What is not a given is what alliances Netanyahu might have to forge in the post-electoral Knesset, or Israeli parliament.

Labor leader Shelly Yachimovich, who wants to steer the country towards a more markedly social-democratic agenda, is second in the polls. With a state deficit that doubled in 2012 to 39 billion shekels (approximately 40 billion euros), Yachimovich criticized Netanyahu for ignoring Israel's growing economic crisis and the needs of citizens, who have been protesting in recent months.

Yachimovich also attacked the premier on foreign policy, accusing him of isolating Israel by continuing his settlement expansion policy after the recognition of Palestinian statehood at the UN, by not building bridges with US President Barack Obama and by allowing the peace process, which has been stalled since September 2010, to languish.

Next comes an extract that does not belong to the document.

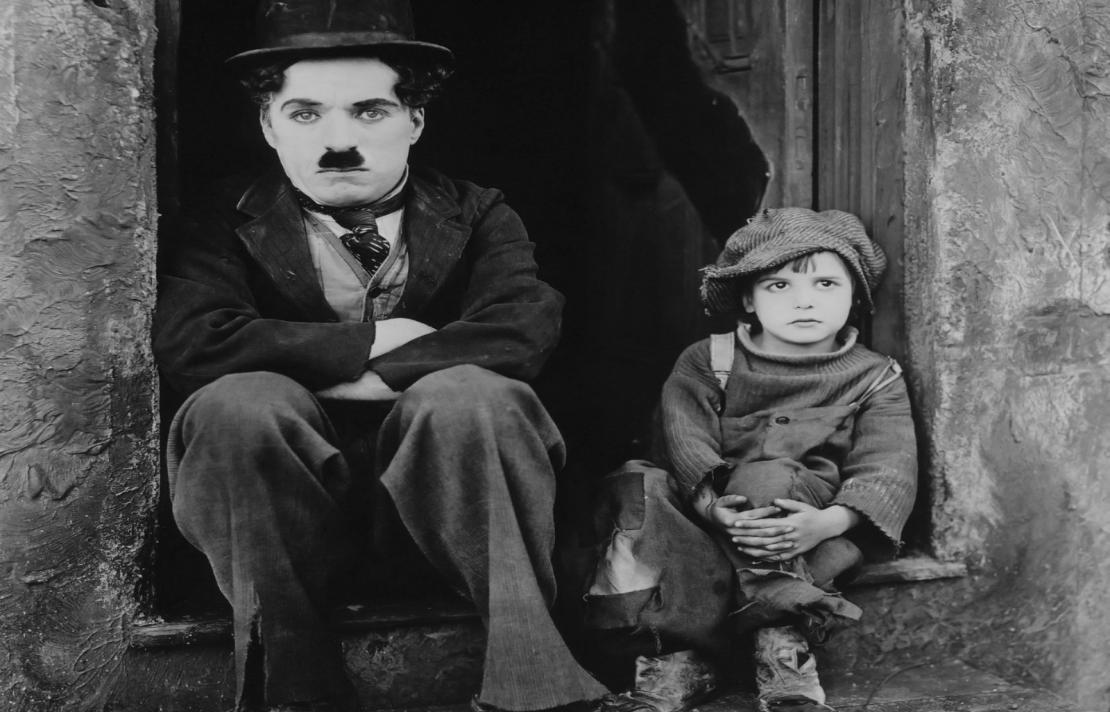 foto de la película de Kid charles Chaplin están sentado junto a Jackie Coogan actor de &quot;The kid&quot;, ellos están sentados frente a una puerta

Media and pundits point to two new faces: former military officer, software tycoon and free market champion Naftali Bennett, from the religious nationalist Bayit Yehudi (Jewish Hearth) party, and center-left renowned former journalist Yair Lapid from Yesh Atid (There is a Future), campaigning on a moderate reform platform with a more open foreign policy. Lapid advocates extending military service to yeshiva students, and social issues such as housing. Another contender is former foreign minister under Ehud Olmert, Tzipi Livni, who founded the Hatnua (Movement) party with the declared objective of gathering centrist forces. Among its recruits are former Labor defense minister Amir Peretz and some members of his former party, Kadima (Forward). Now led by Shaul Mofaz, Kadima appears to be losing ground. Charismatic and well-liked internationally, Livni opposes Netanyahu on foreign policy, on the settlements, and on the lack of dialogue with Palestinians. (ANSAmed).